PROVIDED ENTRIES

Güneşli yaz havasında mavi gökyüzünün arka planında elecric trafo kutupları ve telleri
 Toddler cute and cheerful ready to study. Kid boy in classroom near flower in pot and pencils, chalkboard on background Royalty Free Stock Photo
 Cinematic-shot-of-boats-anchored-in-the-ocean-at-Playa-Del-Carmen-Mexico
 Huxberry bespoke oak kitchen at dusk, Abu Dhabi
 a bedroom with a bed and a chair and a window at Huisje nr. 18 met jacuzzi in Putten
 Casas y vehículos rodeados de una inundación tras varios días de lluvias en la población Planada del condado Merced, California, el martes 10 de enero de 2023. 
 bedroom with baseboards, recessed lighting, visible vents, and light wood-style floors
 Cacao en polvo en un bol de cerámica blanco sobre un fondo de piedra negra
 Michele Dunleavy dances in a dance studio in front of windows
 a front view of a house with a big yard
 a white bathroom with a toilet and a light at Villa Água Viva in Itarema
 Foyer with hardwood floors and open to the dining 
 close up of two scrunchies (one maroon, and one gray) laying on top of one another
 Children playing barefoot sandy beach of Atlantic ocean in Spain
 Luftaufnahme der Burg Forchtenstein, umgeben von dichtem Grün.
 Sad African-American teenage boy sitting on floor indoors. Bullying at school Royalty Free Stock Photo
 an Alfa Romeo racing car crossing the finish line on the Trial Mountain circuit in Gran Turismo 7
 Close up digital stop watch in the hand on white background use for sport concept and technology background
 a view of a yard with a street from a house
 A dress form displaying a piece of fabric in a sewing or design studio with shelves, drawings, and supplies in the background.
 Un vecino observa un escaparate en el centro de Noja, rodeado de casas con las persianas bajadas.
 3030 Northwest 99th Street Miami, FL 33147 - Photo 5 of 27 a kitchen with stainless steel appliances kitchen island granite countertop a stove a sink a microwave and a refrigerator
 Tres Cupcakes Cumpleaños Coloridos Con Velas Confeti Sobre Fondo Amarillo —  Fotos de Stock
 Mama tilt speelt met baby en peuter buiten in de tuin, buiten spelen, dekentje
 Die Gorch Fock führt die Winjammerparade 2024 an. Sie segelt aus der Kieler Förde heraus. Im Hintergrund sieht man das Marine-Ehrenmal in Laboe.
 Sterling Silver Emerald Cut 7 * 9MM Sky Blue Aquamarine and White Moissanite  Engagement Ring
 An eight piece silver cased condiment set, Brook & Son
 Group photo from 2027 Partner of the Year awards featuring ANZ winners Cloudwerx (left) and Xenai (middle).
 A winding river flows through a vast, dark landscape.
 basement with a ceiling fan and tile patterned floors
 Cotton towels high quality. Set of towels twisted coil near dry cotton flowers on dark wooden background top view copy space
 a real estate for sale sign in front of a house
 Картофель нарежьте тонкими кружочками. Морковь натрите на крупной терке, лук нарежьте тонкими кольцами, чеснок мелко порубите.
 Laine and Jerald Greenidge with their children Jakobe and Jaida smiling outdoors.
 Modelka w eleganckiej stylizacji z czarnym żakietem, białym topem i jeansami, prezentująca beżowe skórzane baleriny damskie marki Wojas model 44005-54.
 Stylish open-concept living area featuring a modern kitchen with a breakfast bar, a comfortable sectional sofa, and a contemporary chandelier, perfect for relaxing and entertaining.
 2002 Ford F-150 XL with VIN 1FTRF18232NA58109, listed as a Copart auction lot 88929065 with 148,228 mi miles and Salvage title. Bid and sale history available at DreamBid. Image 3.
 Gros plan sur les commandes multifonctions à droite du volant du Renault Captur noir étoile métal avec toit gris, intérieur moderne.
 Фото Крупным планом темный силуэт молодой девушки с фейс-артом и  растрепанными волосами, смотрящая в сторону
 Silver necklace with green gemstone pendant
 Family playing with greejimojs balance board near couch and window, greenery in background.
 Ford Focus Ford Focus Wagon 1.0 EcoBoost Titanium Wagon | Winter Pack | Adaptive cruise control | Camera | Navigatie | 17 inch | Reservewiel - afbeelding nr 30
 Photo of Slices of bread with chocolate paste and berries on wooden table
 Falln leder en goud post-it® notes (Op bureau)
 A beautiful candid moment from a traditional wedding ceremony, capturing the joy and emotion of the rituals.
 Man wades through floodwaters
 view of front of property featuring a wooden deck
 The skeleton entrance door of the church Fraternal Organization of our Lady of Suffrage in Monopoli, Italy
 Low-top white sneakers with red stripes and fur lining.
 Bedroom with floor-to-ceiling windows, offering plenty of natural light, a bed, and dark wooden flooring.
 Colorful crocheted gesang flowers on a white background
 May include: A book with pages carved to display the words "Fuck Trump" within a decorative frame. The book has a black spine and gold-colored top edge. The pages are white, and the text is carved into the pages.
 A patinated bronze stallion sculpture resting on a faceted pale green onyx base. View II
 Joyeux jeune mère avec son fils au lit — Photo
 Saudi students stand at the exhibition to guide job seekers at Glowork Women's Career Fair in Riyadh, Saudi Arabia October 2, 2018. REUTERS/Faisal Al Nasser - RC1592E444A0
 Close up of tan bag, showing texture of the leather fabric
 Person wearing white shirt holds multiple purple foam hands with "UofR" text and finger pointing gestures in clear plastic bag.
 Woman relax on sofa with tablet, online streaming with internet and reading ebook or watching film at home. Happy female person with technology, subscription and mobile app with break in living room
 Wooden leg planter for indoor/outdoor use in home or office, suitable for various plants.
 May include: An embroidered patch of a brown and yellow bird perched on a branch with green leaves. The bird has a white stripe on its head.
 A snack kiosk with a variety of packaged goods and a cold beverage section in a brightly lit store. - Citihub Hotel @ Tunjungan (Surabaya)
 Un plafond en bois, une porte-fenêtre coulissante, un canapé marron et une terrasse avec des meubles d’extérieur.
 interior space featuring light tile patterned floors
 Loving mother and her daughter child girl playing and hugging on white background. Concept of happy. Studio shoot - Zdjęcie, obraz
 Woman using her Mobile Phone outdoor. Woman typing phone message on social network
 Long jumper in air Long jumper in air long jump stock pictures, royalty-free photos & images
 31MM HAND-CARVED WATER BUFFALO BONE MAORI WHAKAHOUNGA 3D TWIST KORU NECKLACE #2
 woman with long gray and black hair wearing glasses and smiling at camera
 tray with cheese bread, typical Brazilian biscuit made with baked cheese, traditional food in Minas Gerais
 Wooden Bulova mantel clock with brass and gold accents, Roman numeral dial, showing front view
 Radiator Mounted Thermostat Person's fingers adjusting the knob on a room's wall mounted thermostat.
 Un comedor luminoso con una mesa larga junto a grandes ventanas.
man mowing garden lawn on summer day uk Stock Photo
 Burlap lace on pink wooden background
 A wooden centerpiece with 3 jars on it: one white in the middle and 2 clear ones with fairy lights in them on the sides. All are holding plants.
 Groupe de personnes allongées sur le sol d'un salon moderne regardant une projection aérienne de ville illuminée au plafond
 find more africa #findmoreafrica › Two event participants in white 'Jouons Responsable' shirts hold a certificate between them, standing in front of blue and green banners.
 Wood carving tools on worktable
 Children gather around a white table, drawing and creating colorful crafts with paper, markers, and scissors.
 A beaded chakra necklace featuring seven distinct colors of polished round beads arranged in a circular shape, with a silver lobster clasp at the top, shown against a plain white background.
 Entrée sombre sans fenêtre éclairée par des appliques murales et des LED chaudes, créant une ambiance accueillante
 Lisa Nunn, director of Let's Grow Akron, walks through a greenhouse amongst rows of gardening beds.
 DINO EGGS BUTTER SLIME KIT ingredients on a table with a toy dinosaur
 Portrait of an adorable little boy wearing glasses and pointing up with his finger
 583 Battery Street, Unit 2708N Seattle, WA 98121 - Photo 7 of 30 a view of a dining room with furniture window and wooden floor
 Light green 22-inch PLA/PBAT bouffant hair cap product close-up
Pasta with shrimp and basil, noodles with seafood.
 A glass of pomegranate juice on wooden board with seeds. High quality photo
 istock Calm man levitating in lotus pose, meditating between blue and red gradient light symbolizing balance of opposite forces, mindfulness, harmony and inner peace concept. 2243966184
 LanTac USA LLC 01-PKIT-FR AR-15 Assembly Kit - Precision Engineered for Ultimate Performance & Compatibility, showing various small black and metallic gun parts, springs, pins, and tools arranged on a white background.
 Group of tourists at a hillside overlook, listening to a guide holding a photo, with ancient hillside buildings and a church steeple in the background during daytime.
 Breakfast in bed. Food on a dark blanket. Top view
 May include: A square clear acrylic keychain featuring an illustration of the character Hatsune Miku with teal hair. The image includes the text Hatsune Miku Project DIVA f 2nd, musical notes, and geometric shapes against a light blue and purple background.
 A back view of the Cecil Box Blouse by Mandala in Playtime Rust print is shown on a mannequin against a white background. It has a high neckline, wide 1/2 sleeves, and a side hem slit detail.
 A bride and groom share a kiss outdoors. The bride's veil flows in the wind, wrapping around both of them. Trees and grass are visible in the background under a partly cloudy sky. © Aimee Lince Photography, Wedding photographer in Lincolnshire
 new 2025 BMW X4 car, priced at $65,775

TASK PROMPT
Set down the lines of the listing above verbatim, first line through the line containing "Die Gorch Fock", inclusive; add no other lines.

ANSWER TO THE EXERCISE
Güneşli yaz havasında mavi gökyüzünün arka planında elecric trafo kutupları ve telleri
 Toddler cute and cheerful ready to study. Kid boy in classroom near flower in pot and pencils, chalkboard on background Royalty Free Stock Photo
 Cinematic-shot-of-boats-anchored-in-the-ocean-at-Playa-Del-Carmen-Mexico
 Huxberry bespoke oak kitchen at dusk, Abu Dhabi
 a bedroom with a bed and a chair and a window at Huisje nr. 18 met jacuzzi in Putten
 Casas y vehículos rodeados de una inundación tras varios días de lluvias en la población Planada del condado Merced, California, el martes 10 de enero de 2023. 
 bedroom with baseboards, recessed lighting, visible vents, and light wood-style floors
 Cacao en polvo en un bol de cerámica blanco sobre un fondo de piedra negra
 Michele Dunleavy dances in a dance studio in front of windows
 a front view of a house with a big yard
 a white bathroom with a toilet and a light at Villa Água Viva in Itarema
 Foyer with hardwood floors and open to the dining 
 close up of two scrunchies (one maroon, and one gray) laying on top of one another
 Children playing barefoot sandy beach of Atlantic ocean in Spain
 Luftaufnahme der Burg Forchtenstein, umgeben von dichtem Grün.
 Sad African-American teenage boy sitting on floor indoors. Bullying at school Royalty Free Stock Photo
 an Alfa Romeo racing car crossing the finish line on the Trial Mountain circuit in Gran Turismo 7
 Close up digital stop watch in the hand on white background use for sport concept and technology background
 a view of a yard with a street from a house
 A dress form displaying a piece of fabric in a sewing or design studio with shelves, drawings, and supplies in the background.
 Un vecino observa un escaparate en el centro de Noja, rodeado de casas con las persianas bajadas.
 3030 Northwest 99th Street Miami, FL 33147 - Photo 5 of 27 a kitchen with stainless steel appliances kitchen island granite countertop a stove a sink a microwave and a refrigerator
 Tres Cupcakes Cumpleaños Coloridos Con Velas Confeti Sobre Fondo Amarillo —  Fotos de Stock
 Mama tilt speelt met baby en peuter buiten in de tuin, buiten spelen, dekentje
 Die Gorch Fock führt die Winjammerparade 2024 an. Sie segelt aus der Kieler Förde heraus. Im Hintergrund sieht man das Marine-Ehrenmal in Laboe.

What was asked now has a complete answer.